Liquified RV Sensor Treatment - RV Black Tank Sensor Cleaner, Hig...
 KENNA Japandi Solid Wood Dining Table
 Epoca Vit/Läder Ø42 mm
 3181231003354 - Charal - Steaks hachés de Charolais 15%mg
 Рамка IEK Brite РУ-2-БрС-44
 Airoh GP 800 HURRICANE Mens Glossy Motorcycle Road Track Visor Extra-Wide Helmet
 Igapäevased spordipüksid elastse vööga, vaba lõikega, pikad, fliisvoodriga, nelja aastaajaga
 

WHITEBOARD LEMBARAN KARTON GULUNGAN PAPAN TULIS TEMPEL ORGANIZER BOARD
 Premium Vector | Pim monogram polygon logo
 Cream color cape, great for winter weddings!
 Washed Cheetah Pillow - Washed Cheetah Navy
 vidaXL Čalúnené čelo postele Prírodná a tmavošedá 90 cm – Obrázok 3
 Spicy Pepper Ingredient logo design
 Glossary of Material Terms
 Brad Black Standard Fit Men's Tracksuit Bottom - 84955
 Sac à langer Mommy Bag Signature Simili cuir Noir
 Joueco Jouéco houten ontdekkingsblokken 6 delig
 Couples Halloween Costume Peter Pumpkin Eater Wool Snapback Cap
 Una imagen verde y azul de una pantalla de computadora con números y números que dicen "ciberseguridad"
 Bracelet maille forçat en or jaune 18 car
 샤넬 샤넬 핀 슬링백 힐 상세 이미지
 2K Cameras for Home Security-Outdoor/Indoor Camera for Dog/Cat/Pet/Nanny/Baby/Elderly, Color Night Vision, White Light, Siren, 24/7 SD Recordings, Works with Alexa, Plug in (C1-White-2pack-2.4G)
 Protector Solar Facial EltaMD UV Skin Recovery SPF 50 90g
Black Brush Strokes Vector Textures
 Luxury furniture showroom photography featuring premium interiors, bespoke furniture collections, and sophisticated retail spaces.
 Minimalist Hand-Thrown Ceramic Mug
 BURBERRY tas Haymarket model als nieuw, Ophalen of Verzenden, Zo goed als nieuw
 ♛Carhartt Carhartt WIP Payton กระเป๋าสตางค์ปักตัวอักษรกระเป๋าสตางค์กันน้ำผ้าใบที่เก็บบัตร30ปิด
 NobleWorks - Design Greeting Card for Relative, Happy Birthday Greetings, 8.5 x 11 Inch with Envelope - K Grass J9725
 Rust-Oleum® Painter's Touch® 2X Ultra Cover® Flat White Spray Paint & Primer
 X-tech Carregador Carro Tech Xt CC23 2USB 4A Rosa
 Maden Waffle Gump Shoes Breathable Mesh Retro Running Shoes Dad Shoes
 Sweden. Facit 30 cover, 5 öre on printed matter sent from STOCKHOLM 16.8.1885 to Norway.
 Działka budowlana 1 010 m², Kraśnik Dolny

• • • • •

▸ **PROBLEM TO SOLVE**:
In the listing above, find the line containing "2K Cameras for" and the line containing "Carhartt WIP Payton", then quote both, plus every line between them, exactly as written.

▸ **ANSWER FOR THIS EXERCISE**:
 2K Cameras for Home Security-Outdoor/Indoor Camera for Dog/Cat/Pet/Nanny/Baby/Elderly, Color Night Vision, White Light, Siren, 24/7 SD Recordings, Works with Alexa, Plug in (C1-White-2pack-2.4G)
 Protector Solar Facial EltaMD UV Skin Recovery SPF 50 90g
Black Brush Strokes Vector Textures
 Luxury furniture showroom photography featuring premium interiors, bespoke furniture collections, and sophisticated retail spaces.
 Minimalist Hand-Thrown Ceramic Mug
 BURBERRY tas Haymarket model als nieuw, Ophalen of Verzenden, Zo goed als nieuw
 ♛Carhartt Carhartt WIP Payton กระเป๋าสตางค์ปักตัวอักษรกระเป๋าสตางค์กันน้ำผ้าใบที่เก็บบัตร30ปิด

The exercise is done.